If any market circumstances arise where we see additional plays we want to prepare for the next session, we will of course issue those plays regardless of the day of the week.
- Friday stocks just don't have the push.
- SP500, DJ30 testing again, NASDAQ starts to test.
- Leaders still solid, some starting to test, others still ready to move higher. Will money stay in for now and rotate or take a pause to let things cool?
- Economic data continues to show its slowdown. Well, now more than just a slowdown with the Chicago PMI.
- GDP again inflated by the forced ACA spending. And, without the massive benchmark adjustments from Q3, it is half of Q3.
- Bullish Sentiment nudges 60%.
- Now it is up to the new leaders and up and comers to step up.
Friday was something of a flop, at least in terms of a market that continues to rise post-new highs. All week the indices traded off as to who would lead, or to put it another way, who would not lead. The move was slowly higher but with no real power. Thus when Friday came, with so much talk about market tops thanks to NASDAQ approaching 5,000 (the old high is 5132 by the way), after three weeks upside the indices turned in an off session.
SP500 -6.24, -0.30%
NASDAQ -24.36, -0.49%
DJ30 -81.72, -0.45%
VOLUME: NYSE +20%, NASDAQ +0.28%
A/D: 1.05:1 NYSE, -1.6:1 NASDAQ. Definitely a large cap move on NASDAQ the past week, e.g. GOOG, AMZN.

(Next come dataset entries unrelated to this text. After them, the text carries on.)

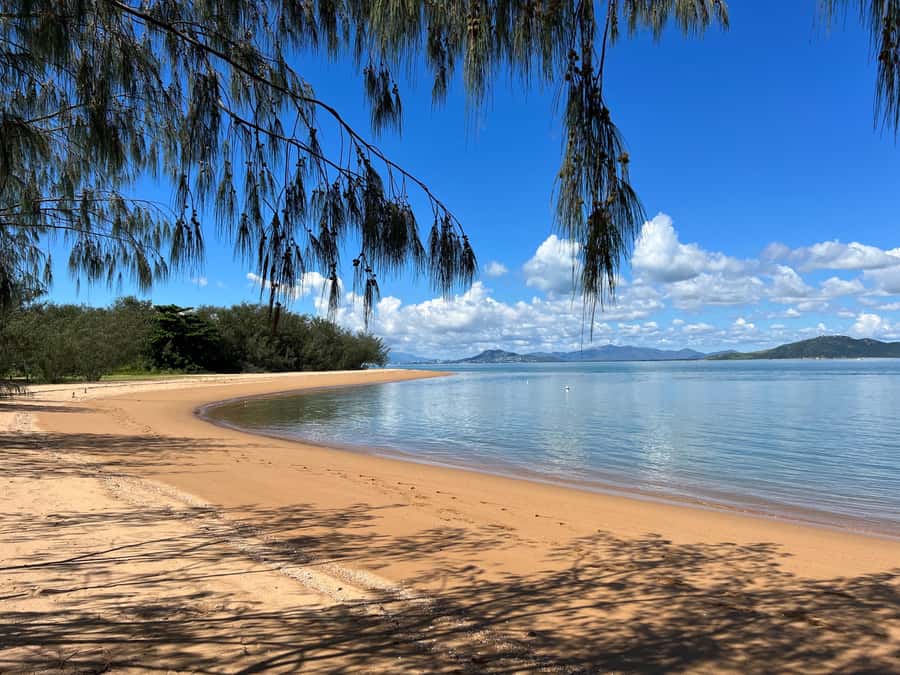 Magnetic Island: West Coast Eco Adventure Bus Tour - The mid-morning break: coffee, tea, snacks, and breathing room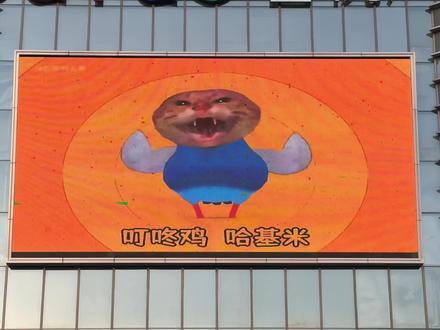 抽象的我又回来了#抽象 #擦皮鞋 #哈基米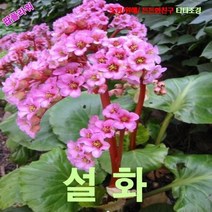 팝플라워 설화 (Bergenia 히말라야바위취) 씨앗 15립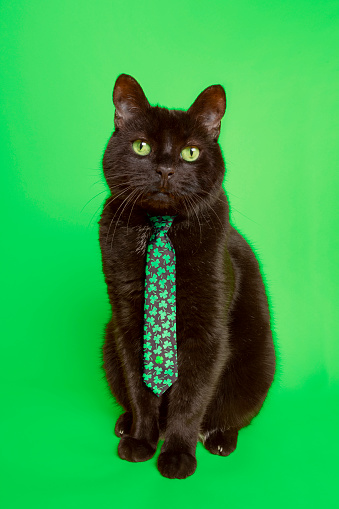 An adorable black cat on a green background wearing a lucky shamrock tie for St. Patrick's Day.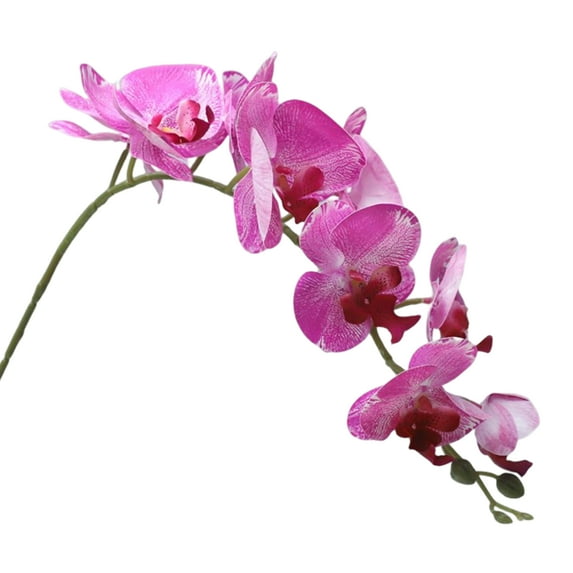 Tropical Artificial Flower Long Stem Butterfly Orchid Big Size Lifelike Phalaenopsis Real Touch Moth Orchid for Wedding Bridal Home Décor Baby Shower Centerpiece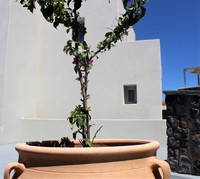 gallery (18)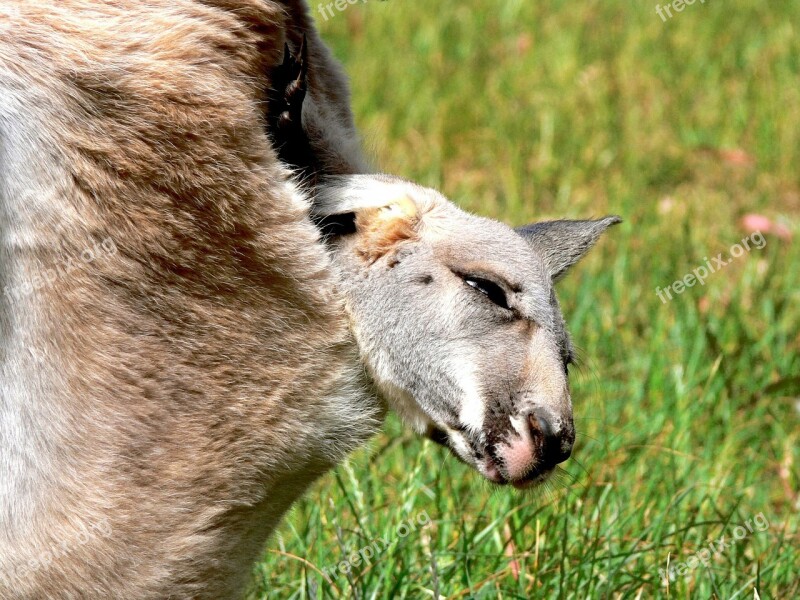 Kangaroo Baby Kangaroo Joey Pouch Marsupial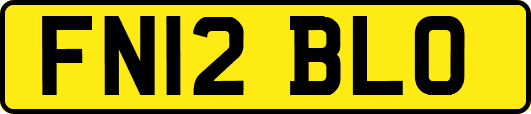 FN12BLO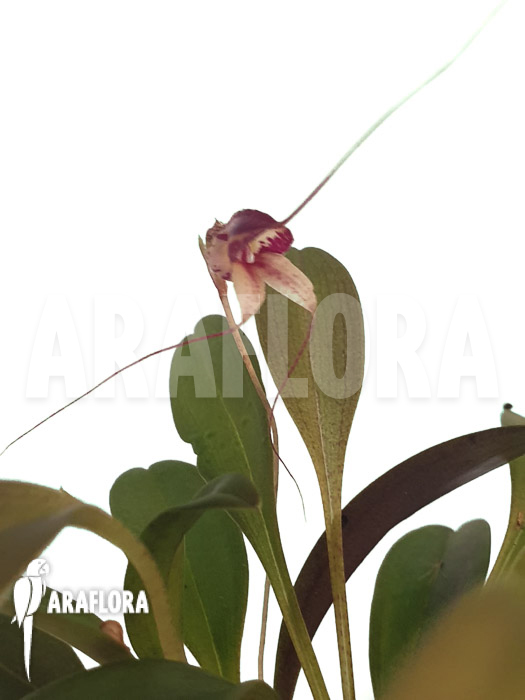 Masdevallia nidifica ‚Red Yellow‘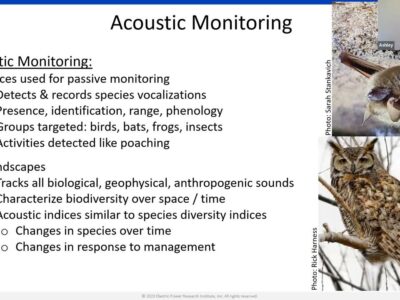 Slide on Acoustic Monitoring showcasing its purpose in wildlife conservation. It details the use of devices for passive monitoring of species vocalizations, including birds, bats, frogs, and insects. The slide discusses soundscapes that track biological and anthropogenic sounds, characterizing biodiversity and changes over time. Images of a bat and an owl illustrate the targeted species for monitoring.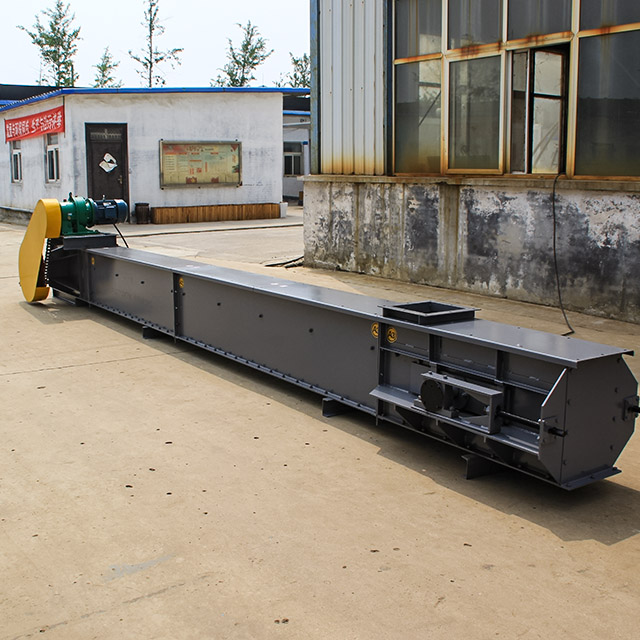 Roller chain scraper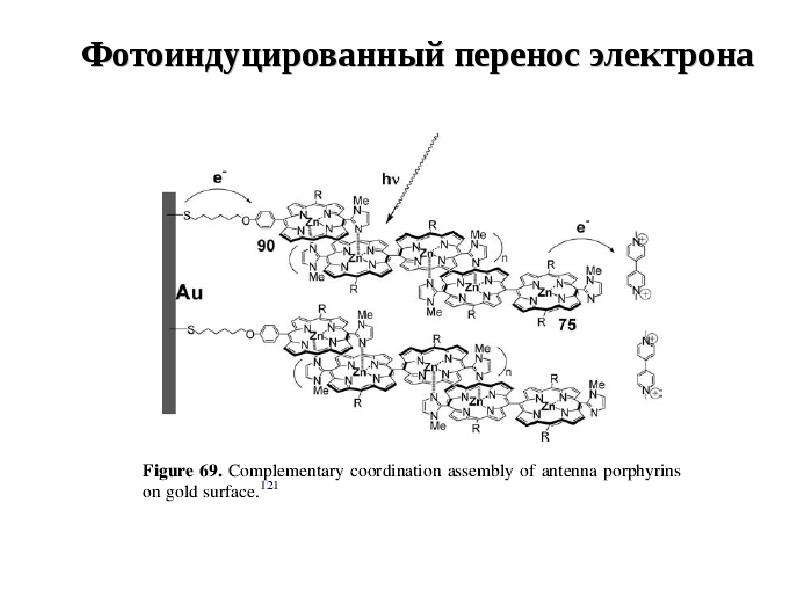 Электрон перенос. Фотоиндуцированный перенос электрона. Процесс фотоиндуцированного переноса электрона. Теория Маркуса переноса электронов. Примеры схем перемещения электронов железа.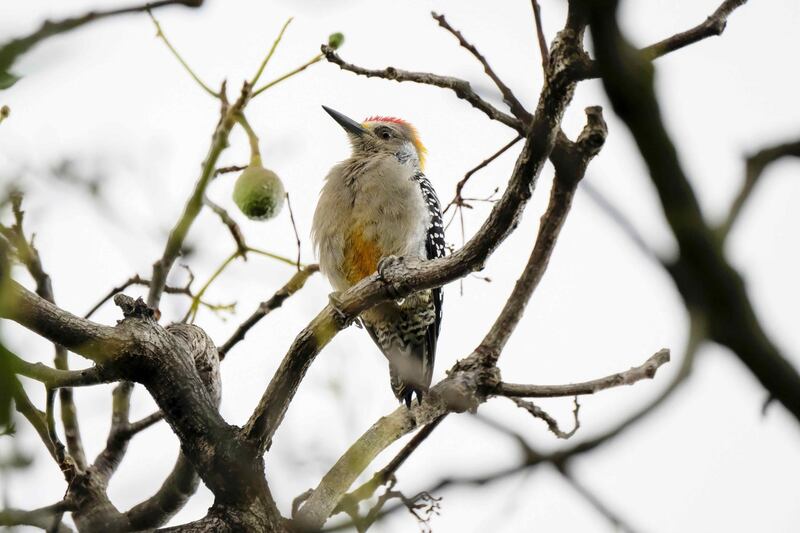 A woodpecker looks on from a tree branch, in the area of Tres Rios, east of San Jose, Costa Rica. EPA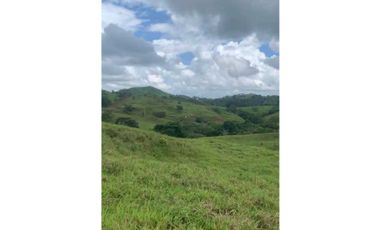 VENDO TERRENO EN CORREGIMIENTO  DE OBALDA LA CHORRERA.CRIA DE GANADO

The week saw overall gains and NASDAQ pushed toward its March 2000 all-time high. There was no flash, no panache, however, just a half step forward, quarter step backward slog on the week. All indices participated to the upside, it was just very spotty with a very good day followed by a very mediocre day. My how spoiled we have become; every day isn't a run higher. What is this market coming to?
Leaders on the other hand were really hitting it. GOOG, SPLK (outside that Friday reversal, but we banked some excellent gain early session), MTSN, ZBRA, FSLR, LCI, CREE, QRVO, and more. An impressive list of impressive moves. Hey, someone has to make the good moves when the market is creeping higher. Not all stocks creep. You always have the leaders dragging along the dead weight. Last week was exactly that case.
The question is whether Friday was something more nefarious given it was a bigger drop than the other sessions. Our view? Lots of talk of a market top simply had some people skittish and they took some profits. A 'Friday after three weeks upside and a very slow week to top it off so better take some gain' kind of session. Those can dissipate as fast as they show up.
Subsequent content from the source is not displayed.